We are suffering from lack of funding – FG’s Anti-torture committee

National Committee Against Torture (NCAT) National Committee Against Torture (NCAT)

The National Committee Against Torture (NCAT), a governmental body which leads the government’s efforts to eradicate torture in Nigeria, is poorly funded, its chairman, Sanni Ameh, said Tuesday.

Mr Ameh, a Senior Advocate of Nigeria, said his committee’s activities are being hampered by a lack of funding.

“The committee cannot meet, investigate properly and even send periodic reports to the United Nations because of lack of funding,” the senior lawyer said at a technical consultation on achieving zero tolerance for torture held in Abuja.
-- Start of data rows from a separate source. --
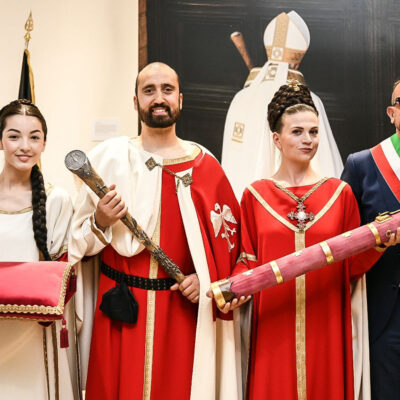passaggio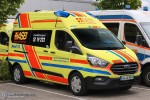 Sama Ludwigsburg 05/85-11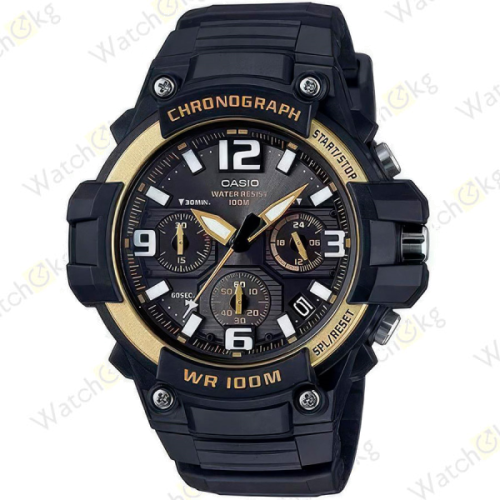 Часы Мужские Casio Analog (MCW-100H-9A2)
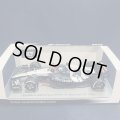新品正規入荷品●SPARK1/43 SCUDERIA ALPHA TAURI AT04 7th MEXICAN GP 2023 (D.リカルド）#3
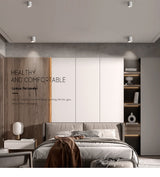 Tinlaibor Dimmable 9W LED Ceiling Rail lamp Household Nordic MainLiving room Bedroom Foyer Porch Aisle Spotlight Downlight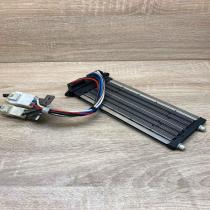 A30105A7700003 07T180 M0439  Electric cabin heater radiator Nissan X-Trail T31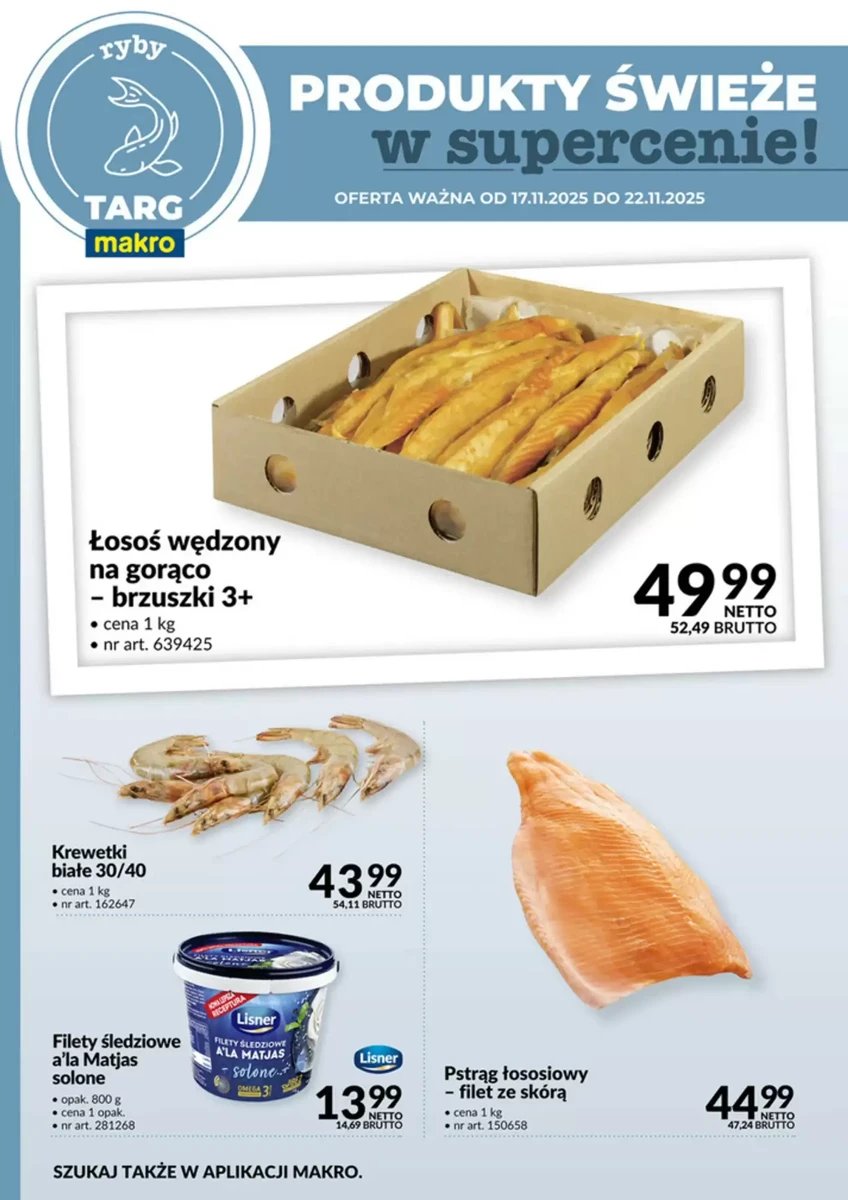 Strona 4 z gazetki Makro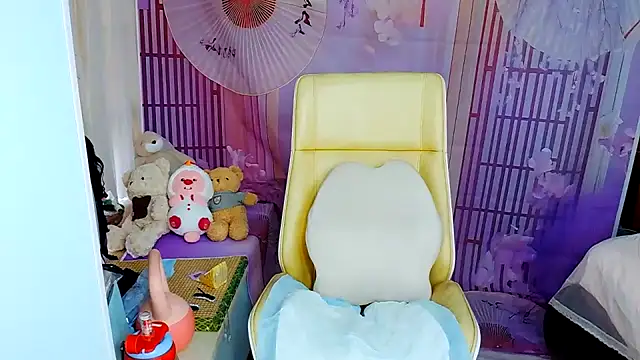 Duoduo-love webcam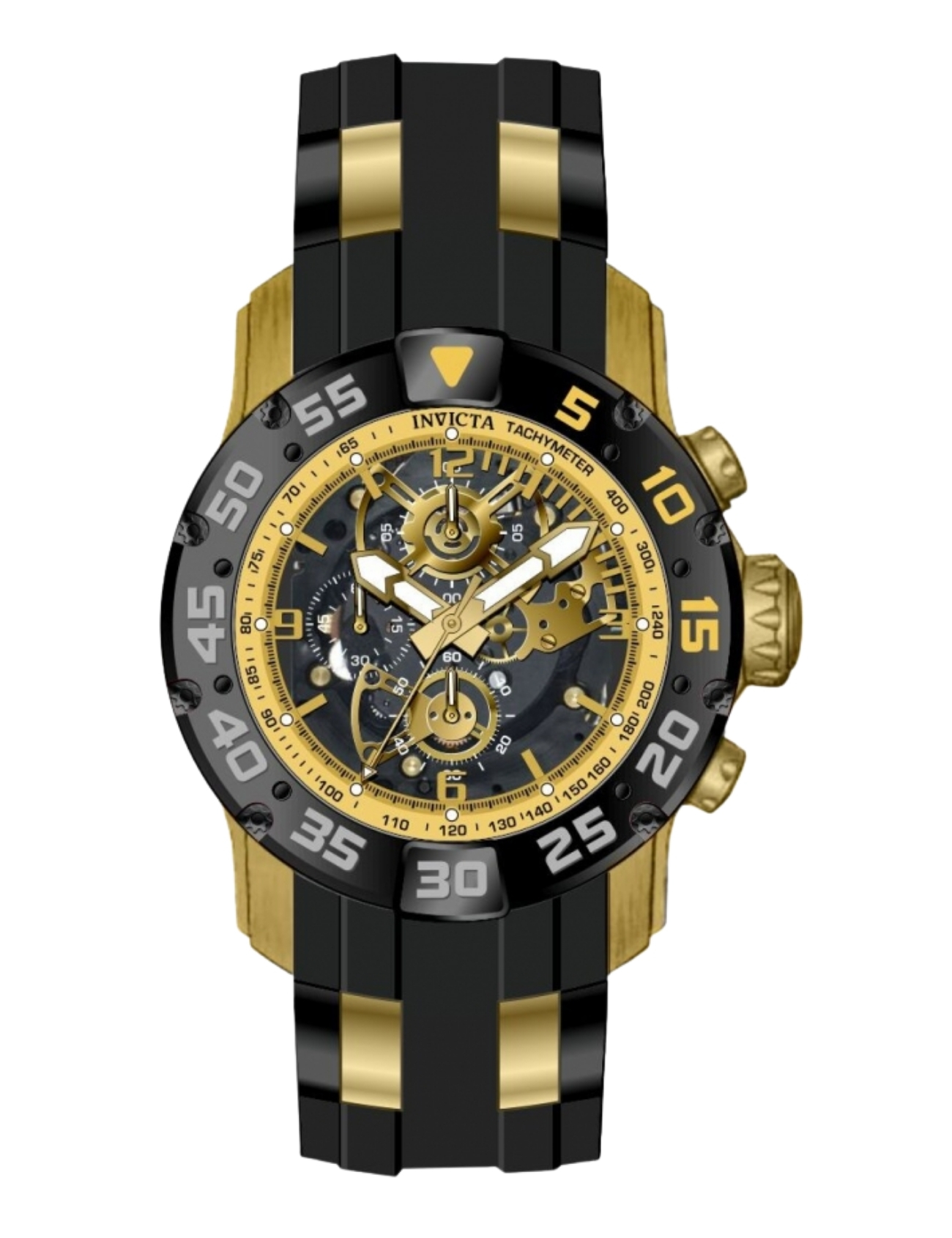 INVICTA 248065 Men's Watch Secondary image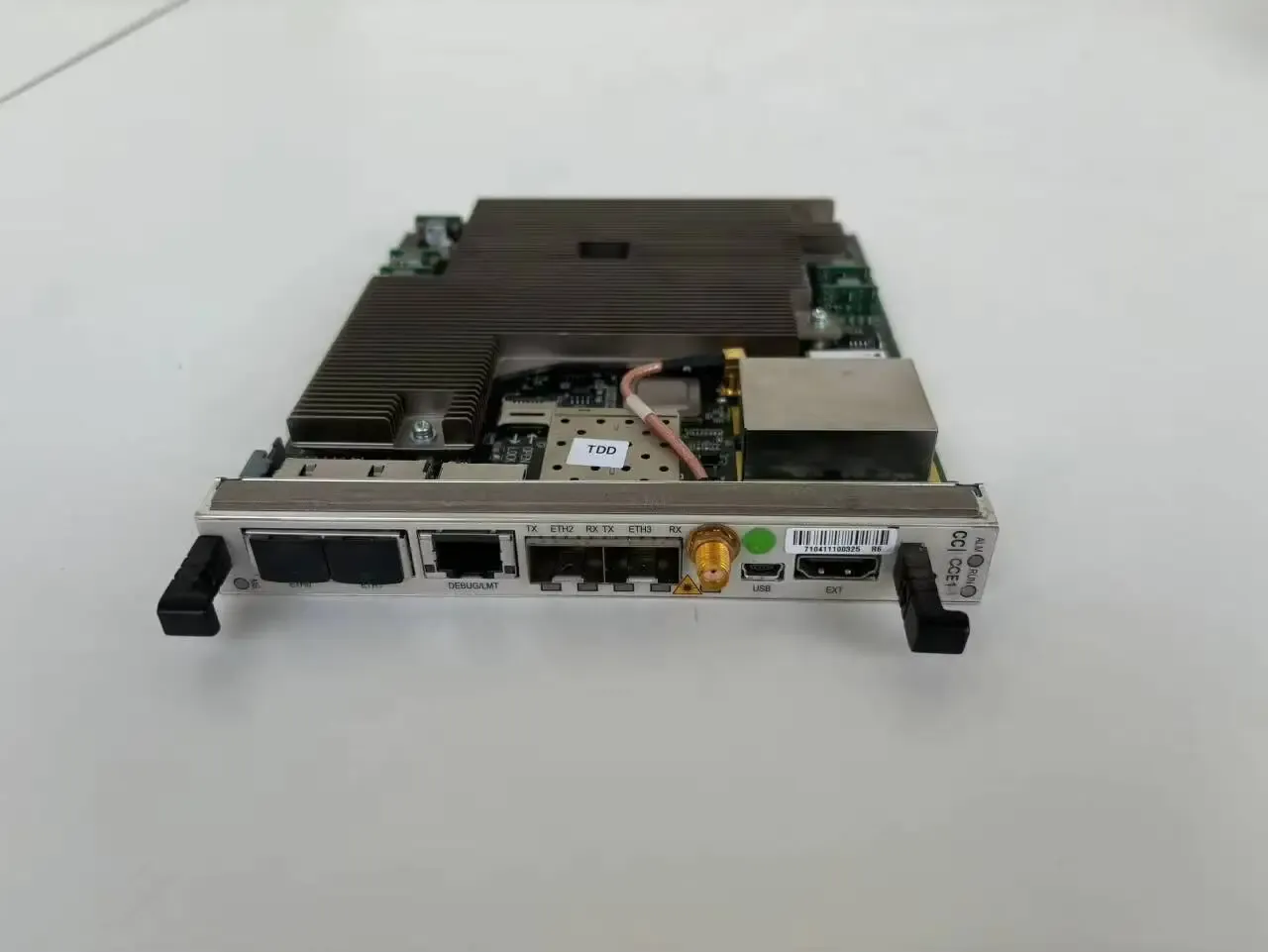 ZXSDR CCE1 BBU B8200 B8300 Base Station Telecom Wireless Infrastructure Equipment for GSM LTE 3G 4G Networks-boxintelecom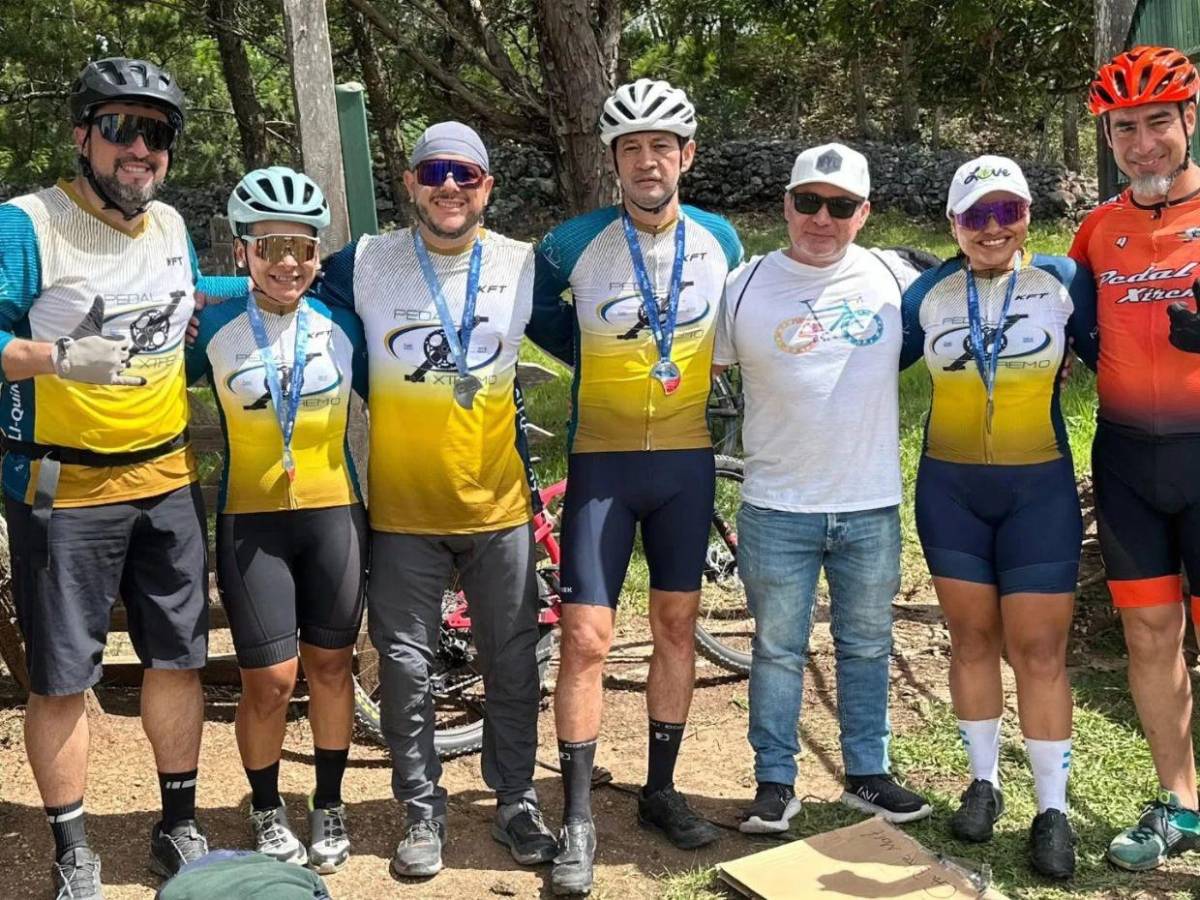 Ocho clubes de ciclismo del país a seguir en la Vuelta El Heraldo 2026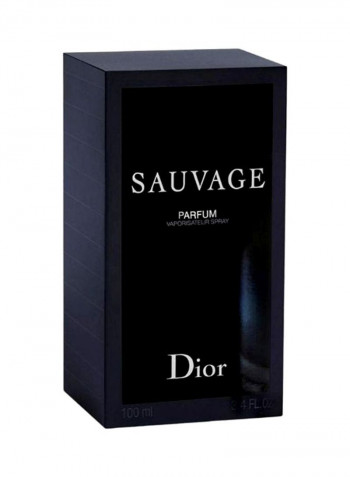 Sauvage Perfume 100ml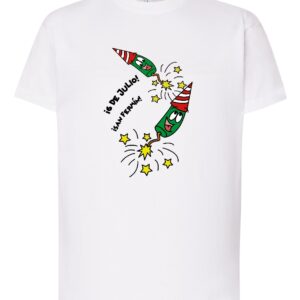 camiseta ¡¡ 6 de Julio, chupinazo!!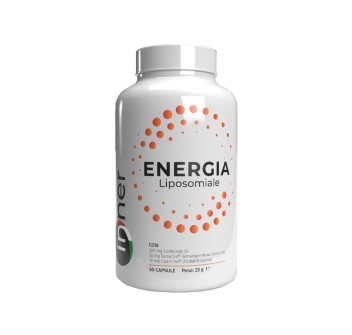 Energia Liposomiale 60Caps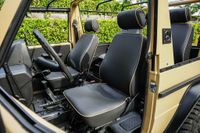 1992 Mercedes-Benz 250GD Wolf for sale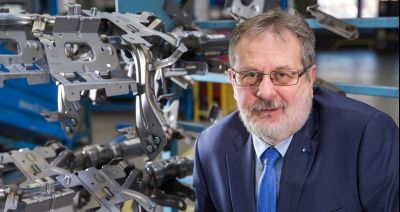 Janusz Soboń, prezes Kirchhoff Polska: Liczy się zespół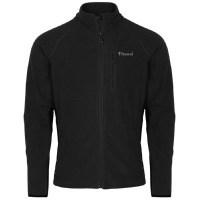 Pinewood 5248 Air Vent Fleece Jacke Herren Black (400) XXXL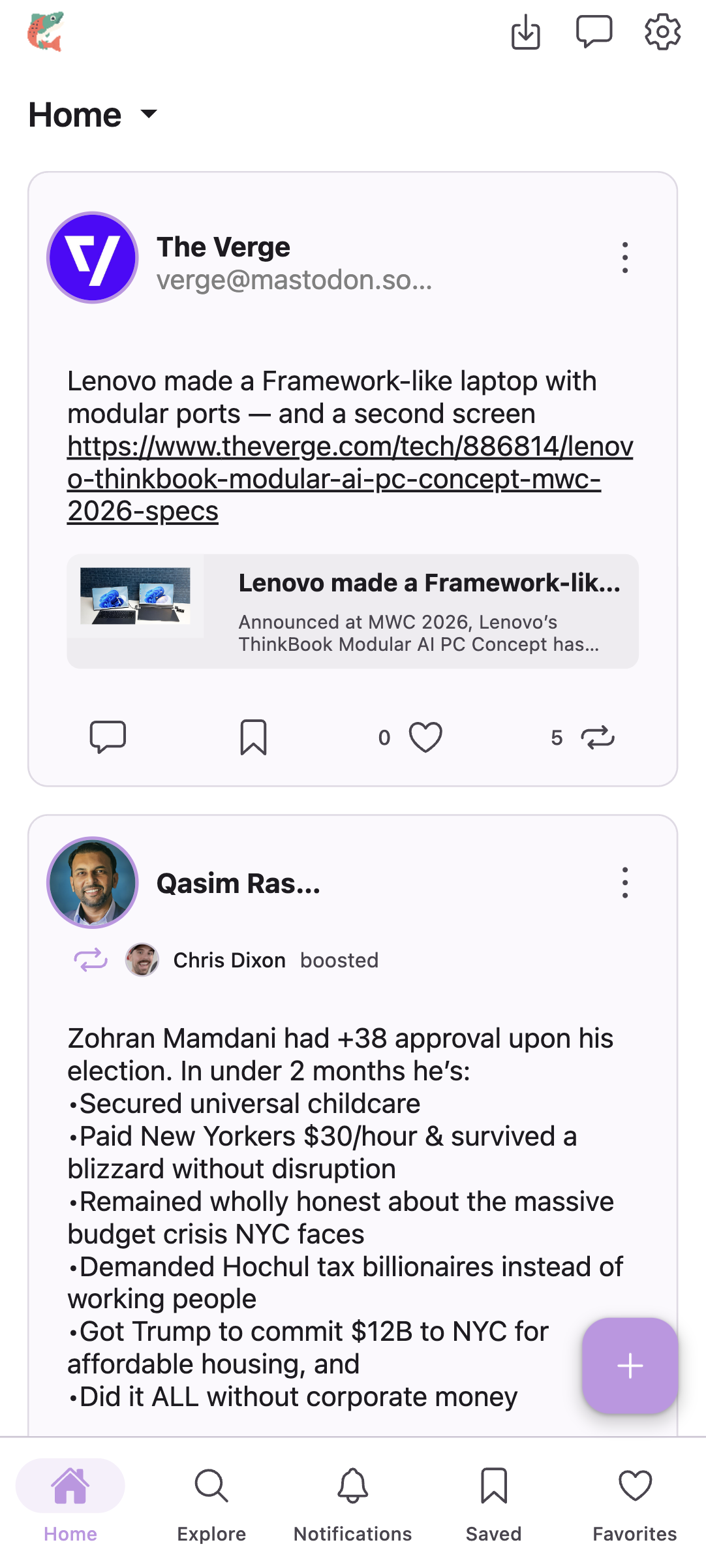 Coho narrow preview 2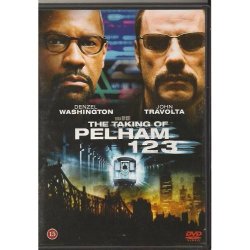 The Taking of Pelham 123 (DVD)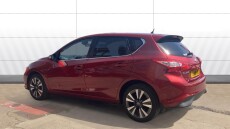 Nissan Pulsar 1.2 DiG-T N-Connecta 5dr Petrol Hatchback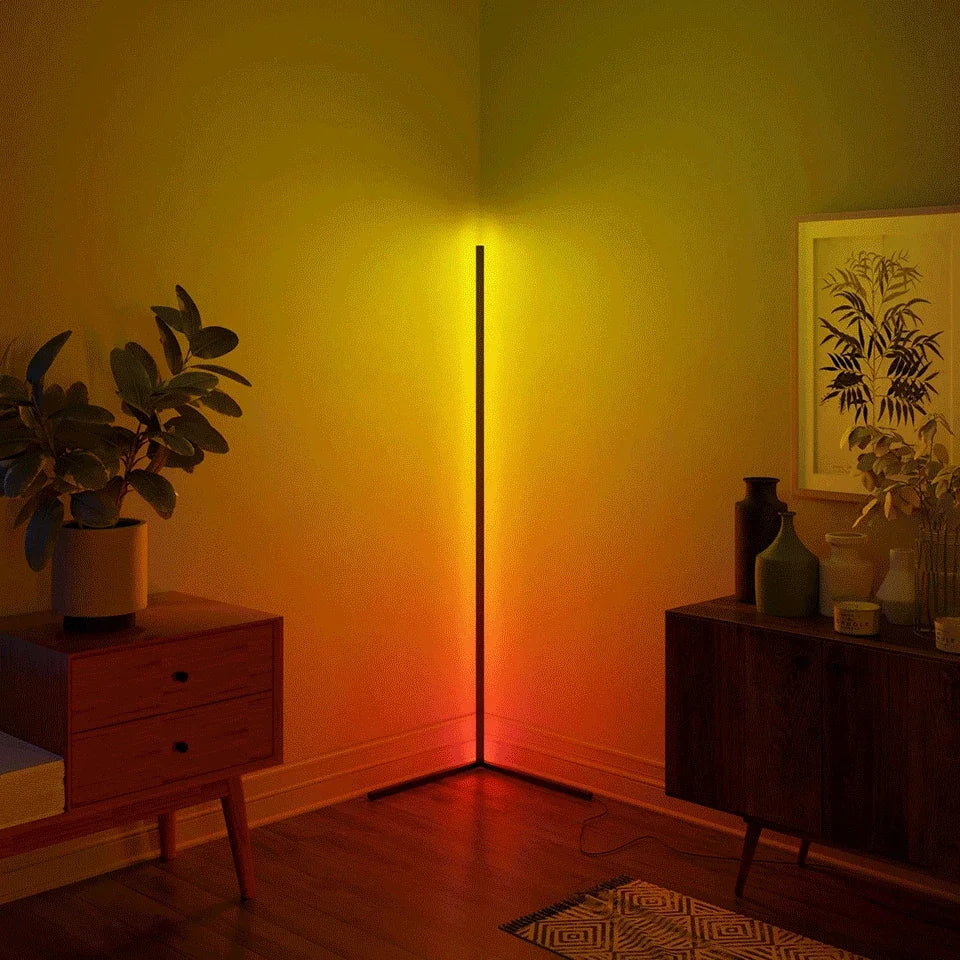 Smart RGB Dream Color Floor Lamp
The event was organised by Rule of Law and Anti-Corruption (RoLAC) and Lawyers without Borders France as a build-up to the 2022 International Day of support for victims of torture.

Mr Ameh said his committee rarely receives complaints from Nigerians because they would rather not be interrogated than make a complaint.

He said, however, that torture had been abolished in the country’s correctional facilities, as a result of his committee’s efforts.

He also stated that victims of torture should be compensated, as victims frequently complained about not receiving compensation for their reports and accusations against torture.

‘Reform on the way’The Director of Public Prosecution, Federal Ministry of Justice, Mohammed Abubakar, who represented the Attorney-General of the Federation (AGF), said the AGF office was working on restructuring the anti-torture committee for optimal performance.

According to him, the reform would make the committee independent and also releases funds for its publicity.

Technical consultation to achieve zero tolerance for torture

Lawyers Without Borders France and RoLAC convened a two-day meeting of local experts and chiefs of security agencies with the goal of putting the 2017 Anti-Torture Act into effect. They also aimed to evaluate the NCAT’s mandate, identify funding sources, and develop a work plan to reinforce anti-torture measures.

Participants at the event discussed the Anti-Torture Act’s implementation, as well as the efforts that had been made to implement it and the challenges that have arisen.

The keynote speaker, Chidi Odinkalu, a former chairman of the governing council of the National Human Rights Commission (NHRC), said in his presentation that “Nigeria as a country condones torture and is doing nothing to curb it”.

“Torture was not a crime in Nigeria until 2017, but it was a criminal to torture animals, and even after 5 years, there has been no application of the Anti-torture law,” he stated.

Torture, according to Mr Odinkalu, is a resilient atrocity that must be addressed constructively and accepted as a problem to be solved.

He described Nigeria as a country that condones torture.

But the representatives of the Nigerian Police Force and the Attorney-General of the Federation rejected the claim.

Ohiozoba Ehiede, a representative of the Commissioner of Police Legal, said the police frown at torture and are doing everything to prevent it.

“The police do not look on as torture is carried out. True, that is happening, but we are doing everything we can to stop it because there are regulations in place “, he explained.

Alaba Omolaye-Ajileye, a judge of the High Court of Kogi State, Lokoja, argued that many individuals, including adjudicators, are unaware of the Anti-Torture Act.

Mr Omolaye-Ajileye, said from his experiences and inquiry, those who are aware of the law do not use it in criminal cases.

According to him, he conducted a survey of 15 Magistrates’ Courts in Kogi State and found that none of the judges had ever invoked the legal provision in a criminal case.

He added that 13 of the judges said they had never heard of the Act.

He stated that adjudicators in the country had not been fully educated about the Act and that they needed to be sufficiently sensitised.

Other participants at the event include representatives of Access to Justice, Amnesty International, British Council, Rule of Law and Accountability Advocacy Centre and The Prisoners Rehabilitation & Welfare Action.